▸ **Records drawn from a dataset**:
########
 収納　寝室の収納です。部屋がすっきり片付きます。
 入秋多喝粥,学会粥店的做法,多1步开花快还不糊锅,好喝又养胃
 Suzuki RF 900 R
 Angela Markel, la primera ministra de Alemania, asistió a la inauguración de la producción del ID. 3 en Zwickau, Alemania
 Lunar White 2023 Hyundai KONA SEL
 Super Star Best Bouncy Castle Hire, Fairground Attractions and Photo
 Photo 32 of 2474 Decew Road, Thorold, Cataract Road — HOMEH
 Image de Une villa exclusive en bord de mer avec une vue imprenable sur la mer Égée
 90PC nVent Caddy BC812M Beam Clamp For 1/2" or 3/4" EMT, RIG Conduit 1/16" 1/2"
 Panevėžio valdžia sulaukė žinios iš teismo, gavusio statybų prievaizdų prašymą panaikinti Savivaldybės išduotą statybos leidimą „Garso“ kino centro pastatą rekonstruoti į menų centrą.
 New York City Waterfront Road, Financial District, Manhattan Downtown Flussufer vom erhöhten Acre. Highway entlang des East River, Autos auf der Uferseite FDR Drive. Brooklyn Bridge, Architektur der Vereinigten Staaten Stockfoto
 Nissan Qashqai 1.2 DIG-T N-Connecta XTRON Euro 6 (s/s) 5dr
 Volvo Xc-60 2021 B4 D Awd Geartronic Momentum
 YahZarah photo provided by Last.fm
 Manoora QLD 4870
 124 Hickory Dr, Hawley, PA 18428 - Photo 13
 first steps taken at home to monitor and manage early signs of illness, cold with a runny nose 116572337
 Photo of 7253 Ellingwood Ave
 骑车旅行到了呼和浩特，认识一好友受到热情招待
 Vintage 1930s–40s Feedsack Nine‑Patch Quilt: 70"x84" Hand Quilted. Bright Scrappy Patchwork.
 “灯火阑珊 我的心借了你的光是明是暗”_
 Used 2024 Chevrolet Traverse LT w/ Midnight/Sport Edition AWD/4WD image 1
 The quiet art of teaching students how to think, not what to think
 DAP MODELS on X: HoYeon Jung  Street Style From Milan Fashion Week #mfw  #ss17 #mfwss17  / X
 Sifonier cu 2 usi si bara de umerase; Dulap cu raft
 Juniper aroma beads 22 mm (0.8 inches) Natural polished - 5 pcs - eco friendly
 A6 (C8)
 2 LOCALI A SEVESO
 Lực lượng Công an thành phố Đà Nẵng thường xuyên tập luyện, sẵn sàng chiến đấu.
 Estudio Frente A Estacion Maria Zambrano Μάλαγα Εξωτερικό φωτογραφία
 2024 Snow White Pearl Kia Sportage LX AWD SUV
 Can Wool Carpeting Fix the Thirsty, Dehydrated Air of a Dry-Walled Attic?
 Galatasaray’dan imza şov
########
The lines to copy run from the first line of the entries to the line containing "90PC nVent Caddy"; copy them exactly and output nothing else.

 収納　寝室の収納です。部屋がすっきり片付きます。
 入秋多喝粥,学会粥店的做法,多1步开花快还不糊锅,好喝又养胃
 Suzuki RF 900 R
 Angela Markel, la primera ministra de Alemania, asistió a la inauguración de la producción del ID. 3 en Zwickau, Alemania
 Lunar White 2023 Hyundai KONA SEL
 Super Star Best Bouncy Castle Hire, Fairground Attractions and Photo
 Photo 32 of 2474 Decew Road, Thorold, Cataract Road — HOMEH
 Image de Une villa exclusive en bord de mer avec une vue imprenable sur la mer Égée
 90PC nVent Caddy BC812M Beam Clamp For 1/2" or 3/4" EMT, RIG Conduit 1/16" 1/2"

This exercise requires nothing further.